The roots of war
I was reading an article about Syria’s civil war, and sentences kept jumping out at me.
For three men in northern Syria, the second civil war started shortly after the first staggered into a quagmire of sectarian violence. …
Like many others, the three men are bewildered at what has become of their war. Their alliances – and their goals – are shifting. …
They are a businessman, a smuggler and an army defector who became respectively the political officer, treasurer and military commander of a once-formidable battalion in northern Syria. …
“Maybe in 10 years we will all be bored with fighting and learn how to coexist.” He paused, then added: “In 10 years maybe, not now.” …
He opened Google Earth on his phone, zooming in closer and closer until the screen showed a small grey square: the house where his family used to live. “Before, all my family was in Syria, and I worried about them. Now, they’ve got out but I have lost my land. I have reached a point of despair,” he said. …
“I was in the revolution at the beginning, and I used to think that was going to be progress – but now we have lost everything. We don’t talk about military plans and hitting the regime – now the plotting is against each other.”
“I can’t defeat them [the jihadis] and the army. I am about to collapse. I can hold out for a month or two at most. Isis [jihadis] are expanding in a fearful way.” …
When they reached the base, the lieutenant sank down in a corner. He seemed weary. “I have been fighting for two years and a half. Tell me: what have I achieved? All I think about is attacking this checkpoint, getting that tank – maybe using the tank to attack another checkpoint.
“In all this time did I ever think of establishing governance? Did I consider working with the civilians in the areas under my control to get electricity or provide anything? …

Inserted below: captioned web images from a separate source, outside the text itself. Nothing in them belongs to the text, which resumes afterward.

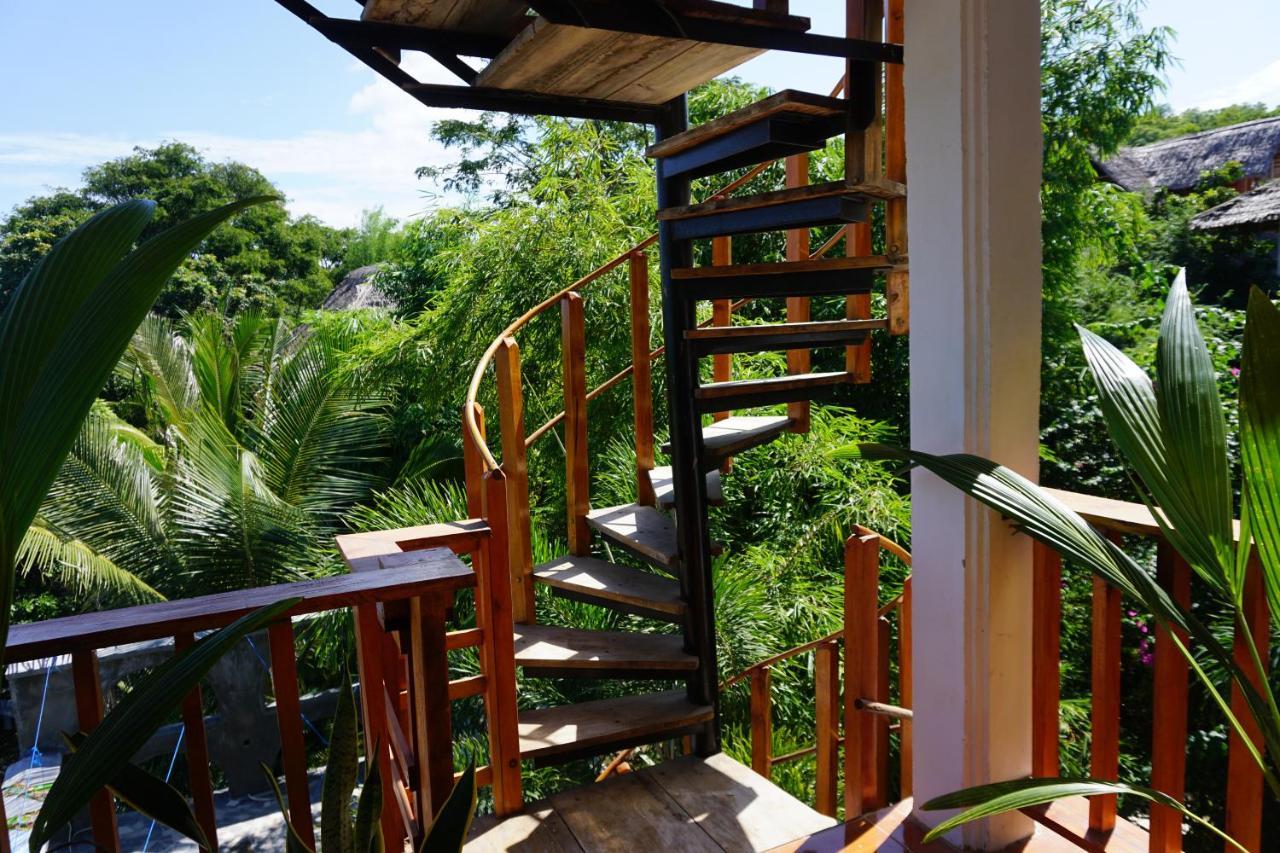 Mangga Lodge Bira Exterior photo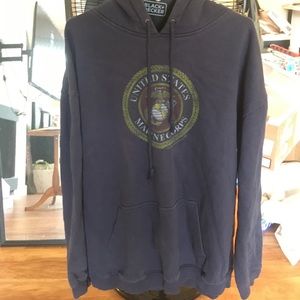 United States marines men's sweatshirt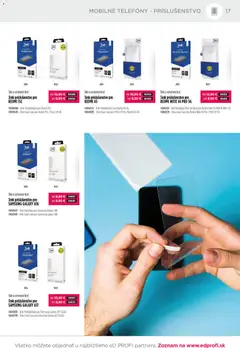 ED Profi leták platný od 01.11.2025 | Strana: 17 | Produkty: Samsung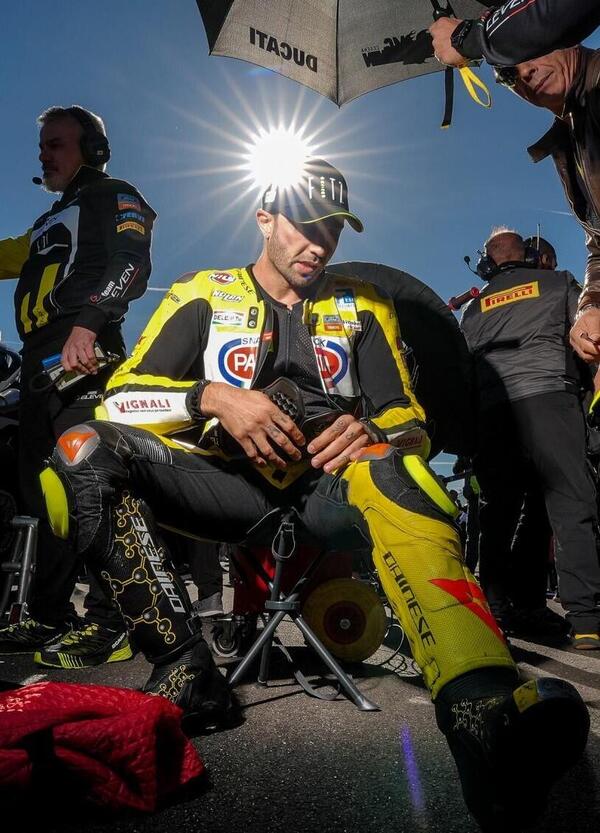 Ok i (soliti) lamenti di Toprak, ma sembra che in SBK sia nato un altro sport: &ldquo;rompere il ca*zo a Andrea Iannone&rdquo;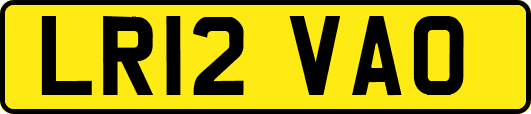 LR12VAO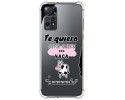 Funda Silicona Antigolpes compatible con Xiaomi Redmi Note 12 Pro 4G diseño Vaca Dibujos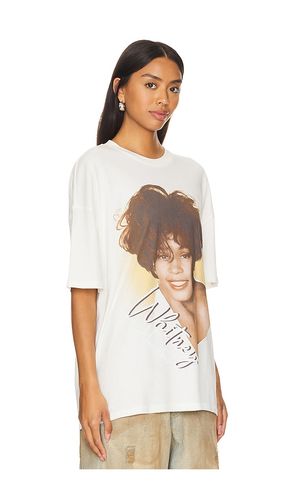 T-SHIRT OVERSIZED WHITNEY HOUSTON en . Taille S. Also en - Philcos - Modalova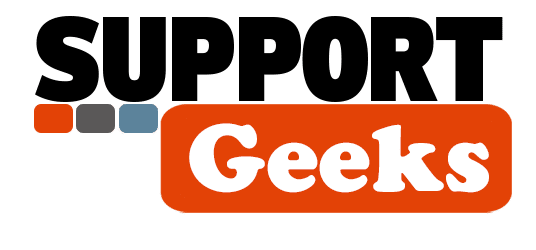 SupportGeeks.com
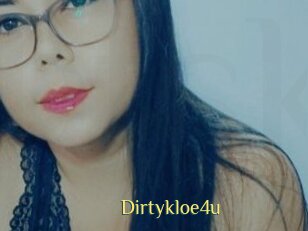 Dirtykloe4u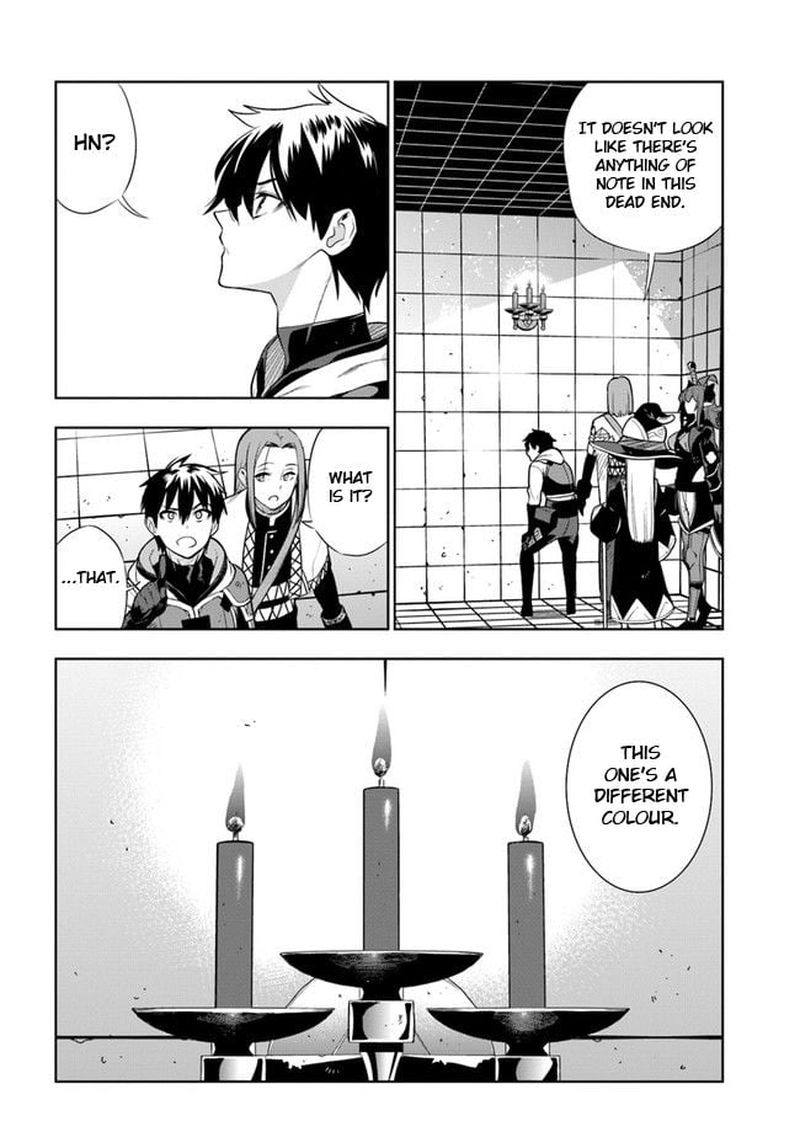 Ningen Fushin No Boukensha Tachi Ga Sekai Wo Sukuu You Desu 15e 12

He sighed. “… I want to get away from here and forget the absurdity of war. The liberated areas are in chaos: there is more purity on the frontlines.” …
“For three days I’ve been attacking this checkpoint,” said the lieutenant “I ask myself why, but I don’t know. Maybe because I can. Maybe because I need to keep my men busy. But honestly, I don’t know the purpose of all this. In Syria, everyone has lost. No one is winning.” …
The next day, the lieutenant decided he needed a break from war. A few days later, the smuggler, the lieutenant and another rebel officer were walking in an Istanbul shopping centre packed with Arab tourists. After two and a half years, the two men said they had finally decided to leave Syria and the war for good. …
Later, in the food court upstairs, the smuggler and the lieutenant ate lunch with another man, a people-smuggler, who told them how they could be spirited across the border into Greece and from there into Italy, where they could start a new life with their families. …
By now, the excitement of being in Istanbul had waned: the three men walked the streets aimlessly and sat for hours in cafes. … One evening, he admitted that he had tried to leave once before: he had stayed away for 25 days, but found he could not live in the world of peace: he missed the excitement, the combat, the camaraderie. …
The lieutenant left the cafe, and there was no news of him for weeks. Nobody knew if he was still in Turkey, or if he had gone with the people-smuggler and made his way to Italy.
When he finally called, he sounded relieved and almost cheerful. “I just couldn’t do it,” he said. “I couldn’t leave, I went back to Syria, to fight.”
People who go to war always say they do it to serve — their country, an ideal, their way of life, always something outside themselves. But then when the fighting is destroying what they care about they would stop, wouldn’t they?